> _Directions_:
Give an exact reproduction of all the lines in the listing.

> _Information provided_:
####
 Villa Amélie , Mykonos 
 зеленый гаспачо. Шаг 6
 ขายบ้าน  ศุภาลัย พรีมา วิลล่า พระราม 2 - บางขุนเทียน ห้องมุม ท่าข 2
####
> _Task result_:
 Villa Amélie , Mykonos 
 зеленый гаспачо. Шаг 6
 ขายบ้าน  ศุภาลัย พรีมา วิลล่า พระราม 2 - บางขุนเทียน ห้องมุม ท่าข 2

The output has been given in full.